Monday, February 18, 2008

A Rip-Off by Health Insurers?

When patients visit an out-of-network doctor, insurers typically agree to pay 80 percent of the reasonable and customary rate charged by doctors in the same geographic area. The patient is stuck with the rest, and as any patient knows, that rate always seems to fall short of what their own doctor is charging. If the attorney general’s investigators are right, we can understand why.

The numbers are mainly compiled by an obscure company known as Ingenix, which — as it turns out — is owned by UnitedHealth Group, one of the nation’s largest health insurers.
Ingenix collects billing information from UnitedHealth and other health care payers to compile a database that is then used by the insurers to determine out-of-network reimbursement rates.

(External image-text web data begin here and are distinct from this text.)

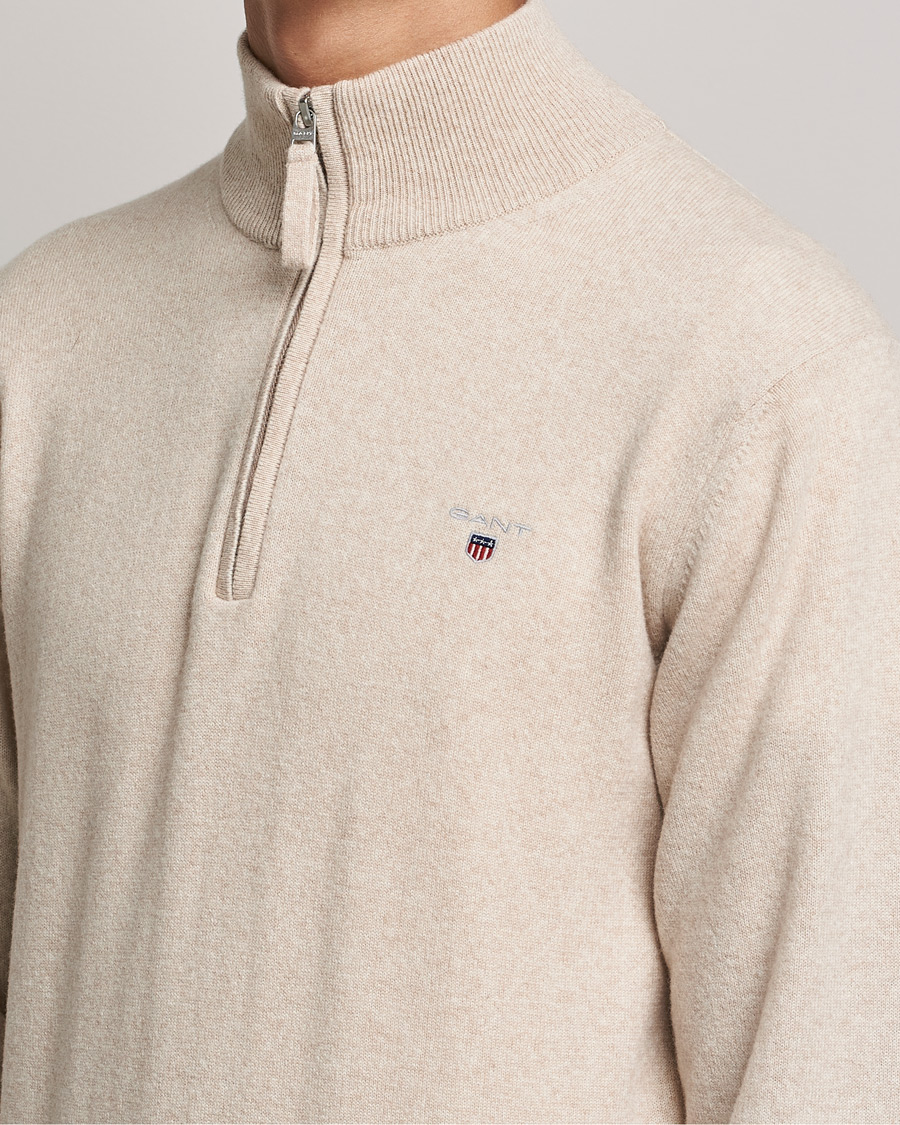 Herre | Trøjer | GANT | Lambswool Half Zip Dark Sand Melange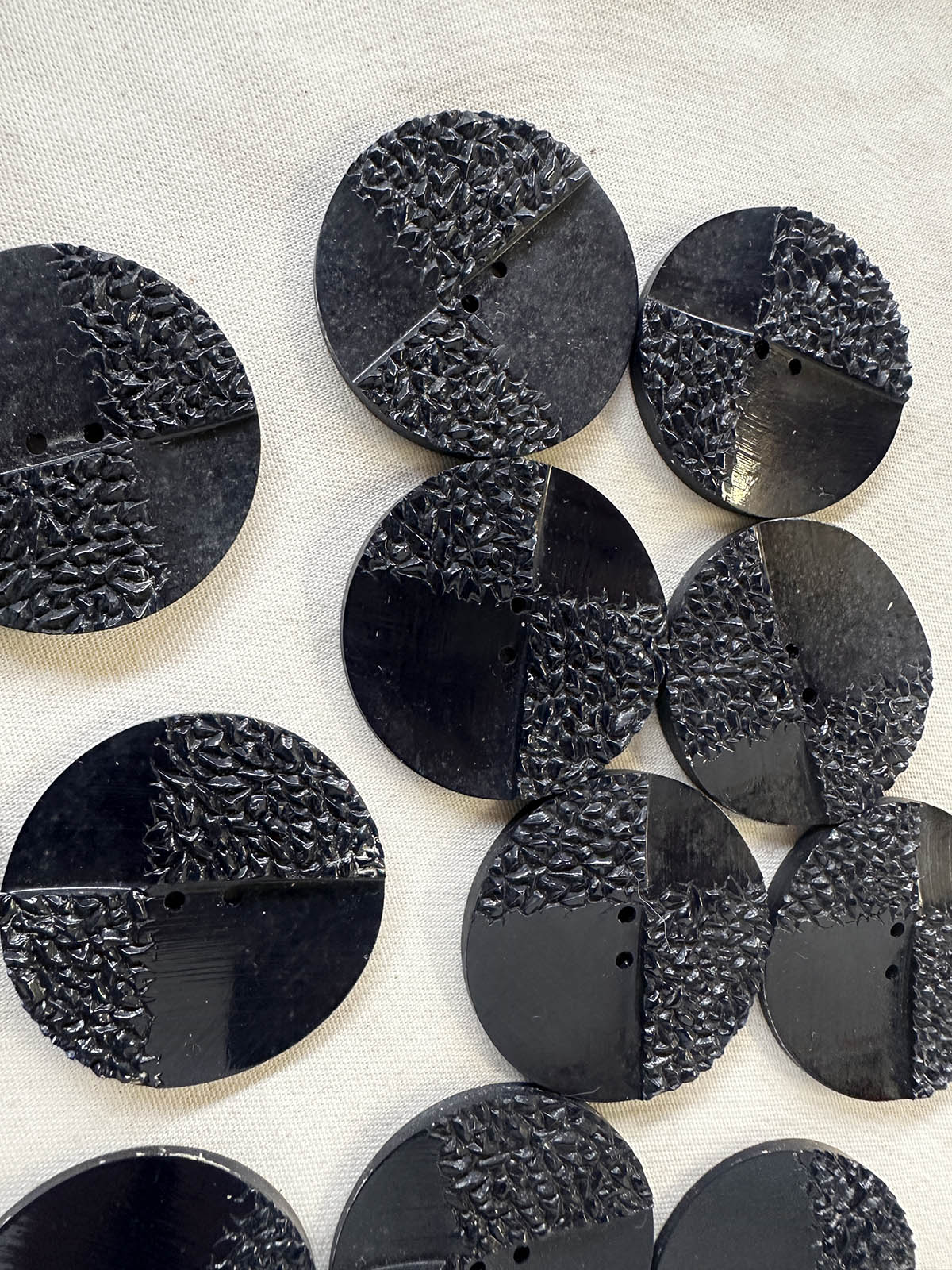 Vintage Italian Lava Rock Buttons - L'Etoffe Fabrics LLC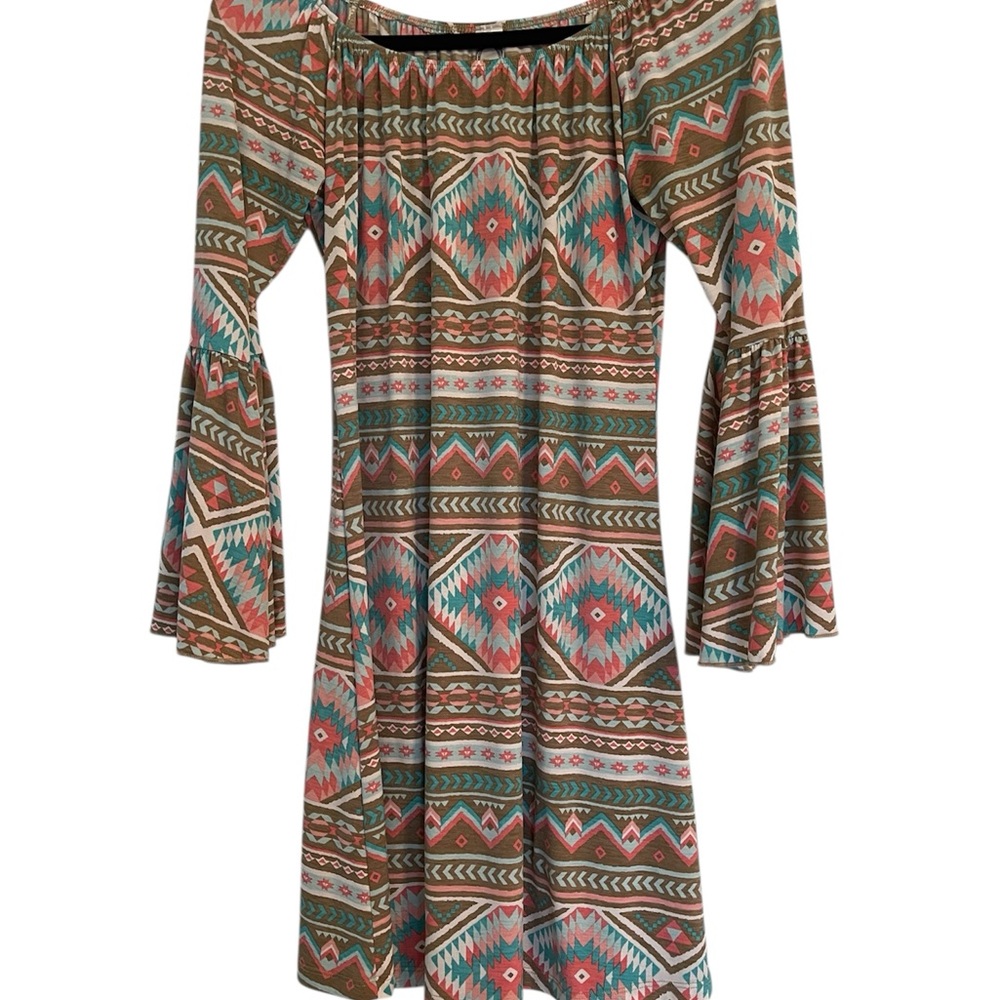 Honeyme Bohemian Aztec Patterned Bell Sleeve Dress Size Small Cabincore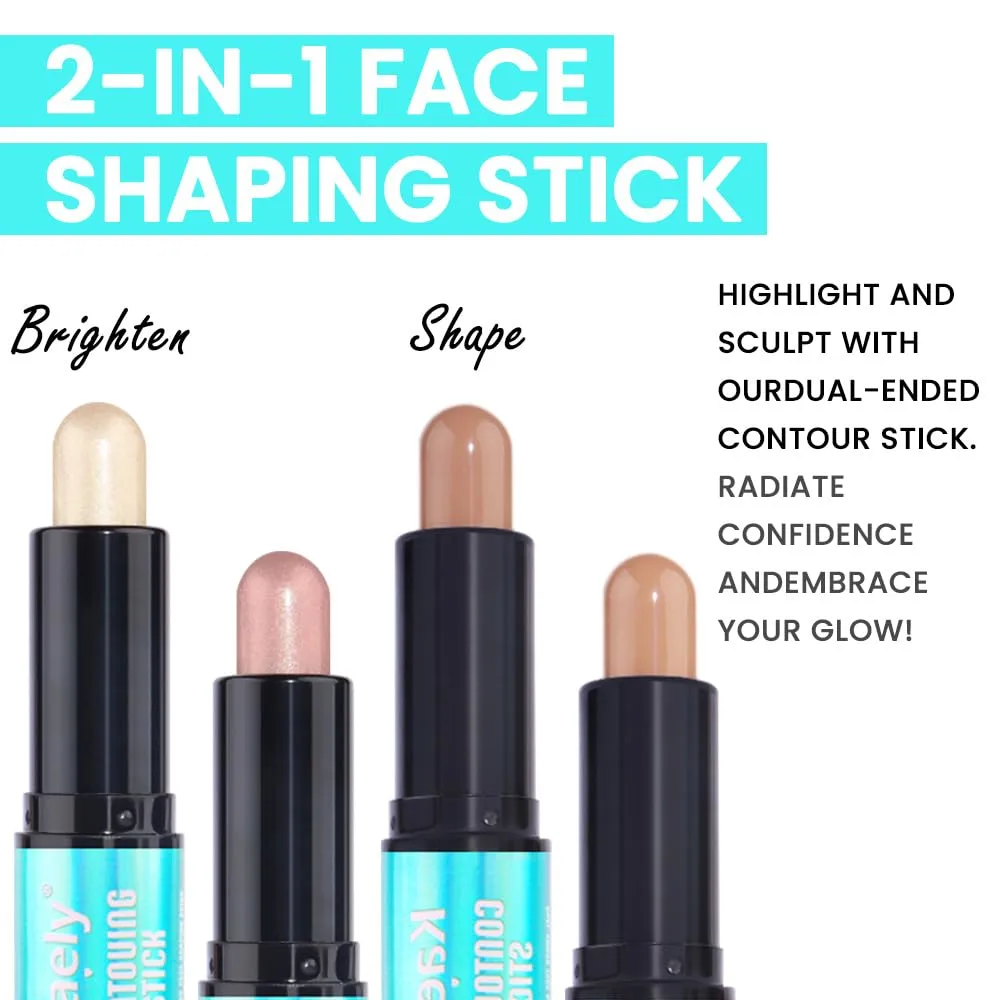 Kaely 2Pcs Cream Bronzer Highlighter Stick,Face Shaping Contouring Sticks,Cheek Contour Palette Kit for Beginners,maquillaje contorno en crema Bronzing Concealer Stick,Brightens & Shades Makeup,02+03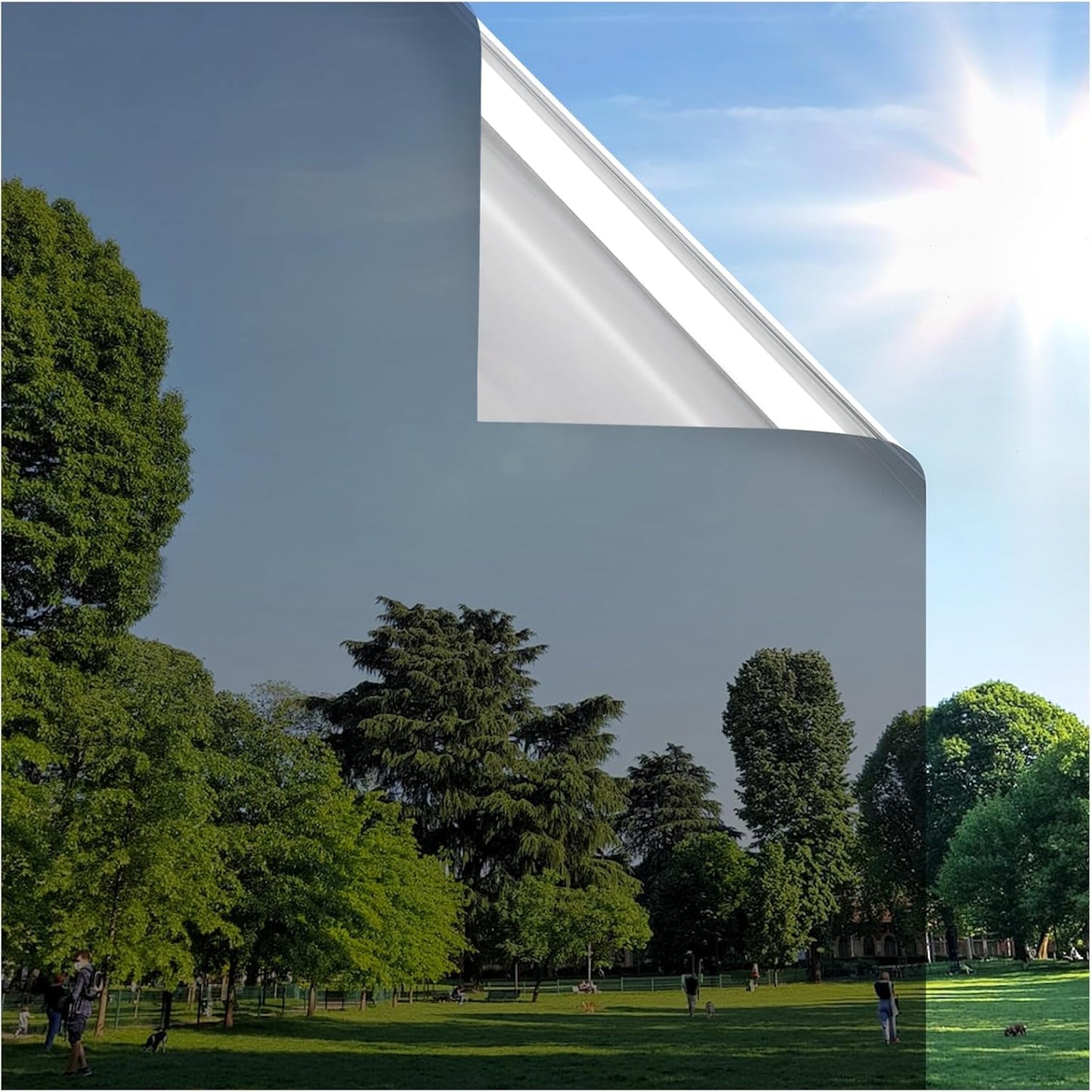 rabbitgoo Window Films for Privacy, Static Cling Frosted Glass Sticker, Non-Adhesive Privacy Film Sun Blocking Window Covering Frosting Vinyl Bathroom Sliding Glass Door, 44.5 x 200cm, Pure Frosted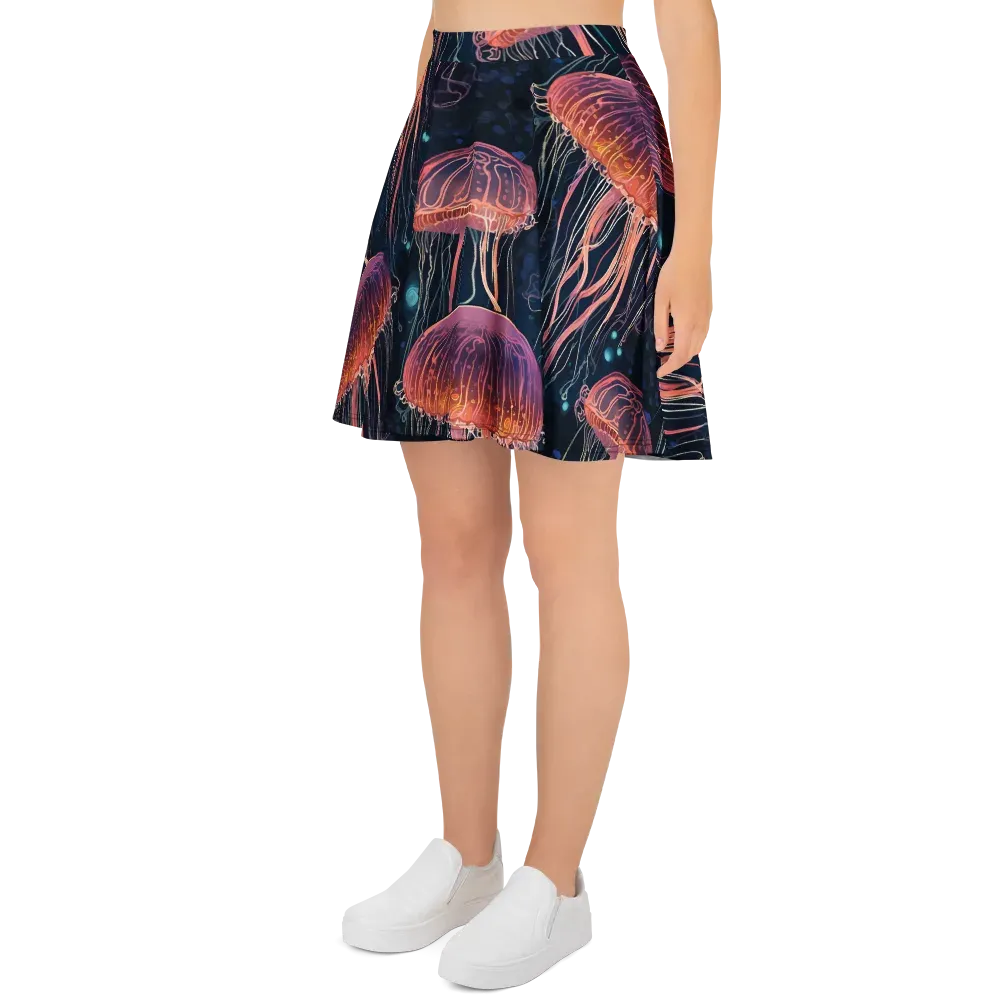 Jellyfish Nocturne on Skater Skirt — Left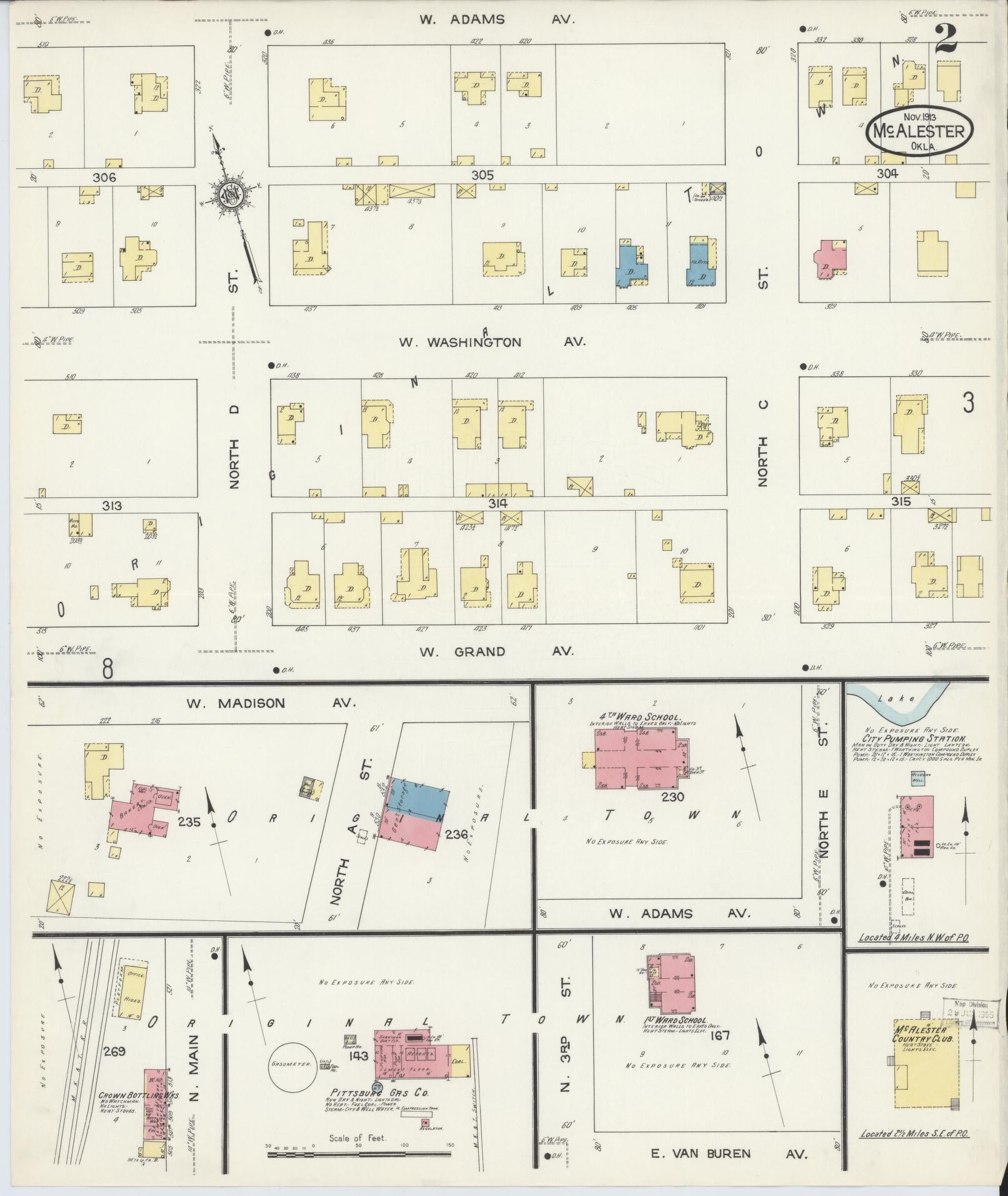 Sanborn Fire Insurance Map from McAlester, Pittsburg County, Oklahoma (1913), Sheet #0002 - Historic Sanborn Fire Insurance Map Print, vintage old map wall art, antique decor, genealogy gift, Oklahoma Oklahoma map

This system is an invitation for abuse. UnitedHealth owns the company whose database will affect its costs and profitability, so both have a strong financial interest in keeping reimbursement rates low. Even Ingenix seems unwilling to stand behind its numbers.
In licensing its database to insurers, it stresses that the data is “for informational purposes only” and does not imply anything about “reasonable and customary” charges. Yet that is precisely what the health insurers use the data for, as Ingenix knows, according to investigators.
(..)

The attorney general’s investigators did their own survey and concluded that $200 is the fair market rate in New York City and Nassau County for a 15-minute consultation with a doctor for an illness of low to moderate severity. Ingenix, the investigators said, calculated the rate as $77, of which United would pay $62, leaving the patient to pay $138.

2 comments:

Anonymous said...

Thanks for the article - I forwarded it to my colleagues!
S. A.

hdhindsa said...

Great--spread the word regarding this nefarious practice!